#### Information shown ####

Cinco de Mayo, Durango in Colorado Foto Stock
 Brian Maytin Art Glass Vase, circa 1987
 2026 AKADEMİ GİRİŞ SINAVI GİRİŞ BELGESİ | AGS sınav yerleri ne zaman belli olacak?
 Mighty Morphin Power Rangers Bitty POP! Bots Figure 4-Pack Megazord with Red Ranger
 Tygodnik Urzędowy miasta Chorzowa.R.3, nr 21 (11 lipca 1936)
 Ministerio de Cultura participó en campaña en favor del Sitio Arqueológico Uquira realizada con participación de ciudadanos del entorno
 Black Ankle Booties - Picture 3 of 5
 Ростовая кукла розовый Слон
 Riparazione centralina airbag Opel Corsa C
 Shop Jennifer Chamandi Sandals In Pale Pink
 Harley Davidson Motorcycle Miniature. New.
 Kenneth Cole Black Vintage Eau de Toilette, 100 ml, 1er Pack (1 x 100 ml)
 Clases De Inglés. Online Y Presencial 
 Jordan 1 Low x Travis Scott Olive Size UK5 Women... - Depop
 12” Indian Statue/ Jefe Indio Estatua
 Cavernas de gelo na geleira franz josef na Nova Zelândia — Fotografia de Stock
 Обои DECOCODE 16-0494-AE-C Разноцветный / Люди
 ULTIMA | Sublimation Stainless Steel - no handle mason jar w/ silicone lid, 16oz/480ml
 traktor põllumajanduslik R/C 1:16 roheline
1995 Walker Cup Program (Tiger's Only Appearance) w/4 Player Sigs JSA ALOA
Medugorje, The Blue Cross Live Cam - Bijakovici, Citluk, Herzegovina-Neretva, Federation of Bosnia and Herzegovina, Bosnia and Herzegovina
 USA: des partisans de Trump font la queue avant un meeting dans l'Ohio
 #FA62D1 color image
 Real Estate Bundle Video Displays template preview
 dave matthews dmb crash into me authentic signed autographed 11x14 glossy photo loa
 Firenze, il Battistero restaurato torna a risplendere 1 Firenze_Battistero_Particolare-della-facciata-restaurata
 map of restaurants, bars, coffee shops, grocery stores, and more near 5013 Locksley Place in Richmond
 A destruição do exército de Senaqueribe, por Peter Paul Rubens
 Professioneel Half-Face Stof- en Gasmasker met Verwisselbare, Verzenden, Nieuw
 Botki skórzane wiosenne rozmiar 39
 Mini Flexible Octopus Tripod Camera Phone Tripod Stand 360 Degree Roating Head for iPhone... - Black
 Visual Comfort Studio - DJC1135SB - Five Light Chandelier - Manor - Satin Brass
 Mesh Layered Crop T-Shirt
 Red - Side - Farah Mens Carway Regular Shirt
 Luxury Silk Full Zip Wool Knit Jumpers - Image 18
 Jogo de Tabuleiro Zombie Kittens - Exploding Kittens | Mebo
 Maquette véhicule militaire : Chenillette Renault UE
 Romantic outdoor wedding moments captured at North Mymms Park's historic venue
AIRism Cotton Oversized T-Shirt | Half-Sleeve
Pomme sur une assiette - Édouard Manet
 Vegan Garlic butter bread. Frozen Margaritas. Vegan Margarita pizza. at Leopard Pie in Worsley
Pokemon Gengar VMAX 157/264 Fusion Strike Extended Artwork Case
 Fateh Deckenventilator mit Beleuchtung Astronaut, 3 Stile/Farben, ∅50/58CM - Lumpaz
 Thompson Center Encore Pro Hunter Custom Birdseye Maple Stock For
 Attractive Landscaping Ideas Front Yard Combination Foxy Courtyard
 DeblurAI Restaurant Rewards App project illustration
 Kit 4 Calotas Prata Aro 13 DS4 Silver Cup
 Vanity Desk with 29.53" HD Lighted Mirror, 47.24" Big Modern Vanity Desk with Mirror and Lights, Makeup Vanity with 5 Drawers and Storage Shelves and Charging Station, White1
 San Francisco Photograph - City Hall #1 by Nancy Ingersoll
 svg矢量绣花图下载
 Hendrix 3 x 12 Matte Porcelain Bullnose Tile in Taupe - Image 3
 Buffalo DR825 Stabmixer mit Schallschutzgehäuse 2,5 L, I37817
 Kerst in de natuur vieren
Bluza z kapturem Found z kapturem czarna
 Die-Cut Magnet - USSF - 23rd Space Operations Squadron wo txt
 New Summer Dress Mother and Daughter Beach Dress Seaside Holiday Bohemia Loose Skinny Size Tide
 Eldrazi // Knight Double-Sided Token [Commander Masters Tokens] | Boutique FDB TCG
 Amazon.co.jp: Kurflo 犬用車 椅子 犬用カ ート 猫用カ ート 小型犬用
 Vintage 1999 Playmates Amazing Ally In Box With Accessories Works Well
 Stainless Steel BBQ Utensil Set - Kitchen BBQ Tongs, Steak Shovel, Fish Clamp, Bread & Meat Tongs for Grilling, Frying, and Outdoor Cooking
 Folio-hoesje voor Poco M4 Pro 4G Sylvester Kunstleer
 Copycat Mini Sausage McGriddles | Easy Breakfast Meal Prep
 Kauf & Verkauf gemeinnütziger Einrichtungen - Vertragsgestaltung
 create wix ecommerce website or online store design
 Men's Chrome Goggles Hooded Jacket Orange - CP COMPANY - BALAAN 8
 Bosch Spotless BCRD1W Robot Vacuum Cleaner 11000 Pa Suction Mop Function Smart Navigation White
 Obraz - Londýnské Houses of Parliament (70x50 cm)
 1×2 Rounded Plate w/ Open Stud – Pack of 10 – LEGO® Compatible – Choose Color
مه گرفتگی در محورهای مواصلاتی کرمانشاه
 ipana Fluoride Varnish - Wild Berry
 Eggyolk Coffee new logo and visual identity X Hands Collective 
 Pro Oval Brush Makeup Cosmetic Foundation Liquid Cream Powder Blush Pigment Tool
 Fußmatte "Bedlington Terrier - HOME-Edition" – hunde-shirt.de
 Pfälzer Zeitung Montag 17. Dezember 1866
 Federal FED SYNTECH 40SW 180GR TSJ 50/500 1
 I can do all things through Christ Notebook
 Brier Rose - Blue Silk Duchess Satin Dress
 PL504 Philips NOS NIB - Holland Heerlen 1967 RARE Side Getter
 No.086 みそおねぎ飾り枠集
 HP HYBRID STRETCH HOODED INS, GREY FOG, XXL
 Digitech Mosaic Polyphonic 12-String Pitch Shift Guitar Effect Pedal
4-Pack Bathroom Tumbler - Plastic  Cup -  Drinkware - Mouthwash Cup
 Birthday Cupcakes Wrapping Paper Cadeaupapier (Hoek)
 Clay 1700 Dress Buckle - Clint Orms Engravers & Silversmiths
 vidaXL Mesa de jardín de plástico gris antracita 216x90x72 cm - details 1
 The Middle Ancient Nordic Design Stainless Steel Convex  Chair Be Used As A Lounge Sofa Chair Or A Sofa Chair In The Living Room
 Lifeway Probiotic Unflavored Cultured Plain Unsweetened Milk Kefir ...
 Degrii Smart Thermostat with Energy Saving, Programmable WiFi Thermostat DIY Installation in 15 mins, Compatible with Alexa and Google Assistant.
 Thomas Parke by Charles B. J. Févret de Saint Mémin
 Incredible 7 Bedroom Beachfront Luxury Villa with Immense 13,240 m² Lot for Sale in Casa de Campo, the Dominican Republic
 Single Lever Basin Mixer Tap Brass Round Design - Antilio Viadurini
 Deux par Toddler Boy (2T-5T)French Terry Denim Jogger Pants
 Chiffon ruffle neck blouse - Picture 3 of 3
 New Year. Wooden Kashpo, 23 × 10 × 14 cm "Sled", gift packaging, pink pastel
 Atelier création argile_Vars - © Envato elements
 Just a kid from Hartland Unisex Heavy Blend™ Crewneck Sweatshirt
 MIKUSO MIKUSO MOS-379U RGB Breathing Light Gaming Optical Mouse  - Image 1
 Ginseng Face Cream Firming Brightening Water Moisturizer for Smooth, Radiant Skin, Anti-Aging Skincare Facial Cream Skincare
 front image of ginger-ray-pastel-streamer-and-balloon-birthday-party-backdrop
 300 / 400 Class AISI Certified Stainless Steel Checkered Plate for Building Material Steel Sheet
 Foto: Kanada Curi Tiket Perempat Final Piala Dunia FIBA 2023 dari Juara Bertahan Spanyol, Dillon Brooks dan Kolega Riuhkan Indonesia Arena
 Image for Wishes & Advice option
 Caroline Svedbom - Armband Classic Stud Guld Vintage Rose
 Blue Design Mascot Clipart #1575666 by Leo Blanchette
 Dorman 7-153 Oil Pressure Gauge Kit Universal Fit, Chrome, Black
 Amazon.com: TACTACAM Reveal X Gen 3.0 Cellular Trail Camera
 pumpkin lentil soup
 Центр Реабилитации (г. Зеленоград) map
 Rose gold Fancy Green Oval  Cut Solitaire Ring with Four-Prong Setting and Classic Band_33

####

- **The problem**
Within the data above, filter for lines containing the word "Dress" and copy each one.

- **The completed task**
 New Summer Dress Mother and Daughter Beach Dress Seaside Holiday Bohemia Loose Skinny Size Tide
 Brier Rose - Blue Silk Duchess Satin Dress
 Clay 1700 Dress Buckle - Clint Orms Engravers & Silversmiths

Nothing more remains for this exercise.